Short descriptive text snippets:
*** Block opens ***
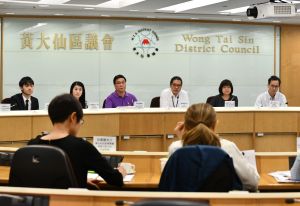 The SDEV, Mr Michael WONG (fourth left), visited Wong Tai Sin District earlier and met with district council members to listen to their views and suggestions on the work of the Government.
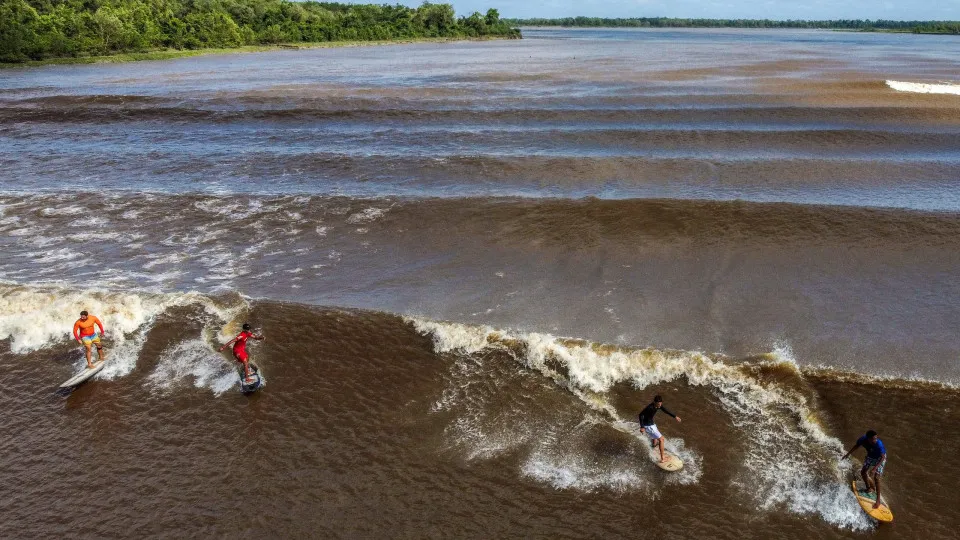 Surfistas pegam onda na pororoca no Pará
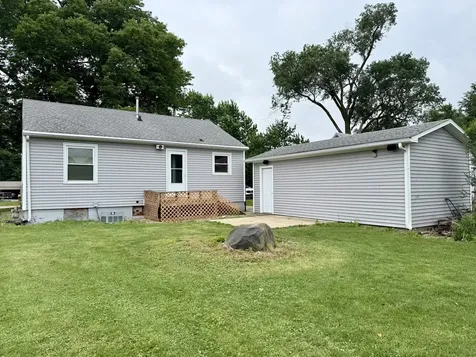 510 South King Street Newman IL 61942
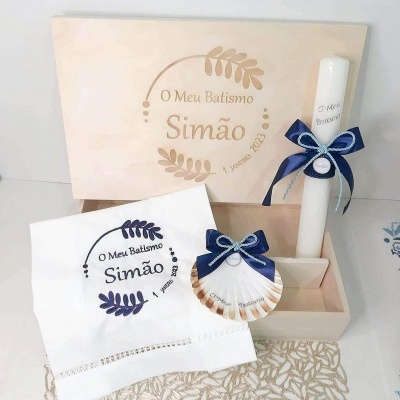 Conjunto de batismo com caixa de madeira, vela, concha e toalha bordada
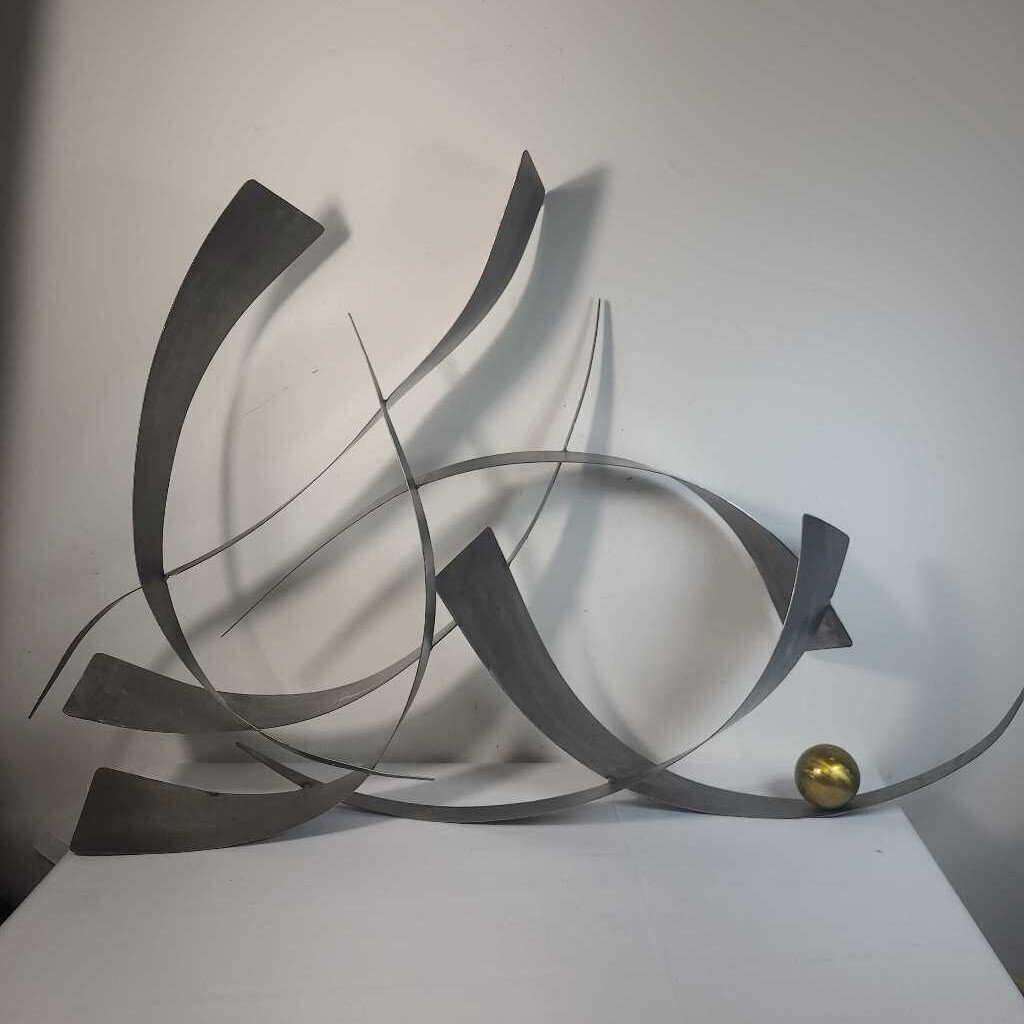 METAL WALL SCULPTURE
*** Block closes ***
DIRECTIONS:
Any picture found in the data is to be skipped while the rest is copied exactly.

WRITTEN RESPONSE:
 The SDEV, Mr Michael WONG (fourth left), visited Wong Tai Sin District earlier and met with district council members to listen to their views and suggestions on the work of the Government.
 Surfistas pegam onda na pororoca no Pará
 510 South King Street Newman IL 61942
 Conjunto de batismo com caixa de madeira, vela, concha e toalha bordada
 METAL WALL SCULPTURE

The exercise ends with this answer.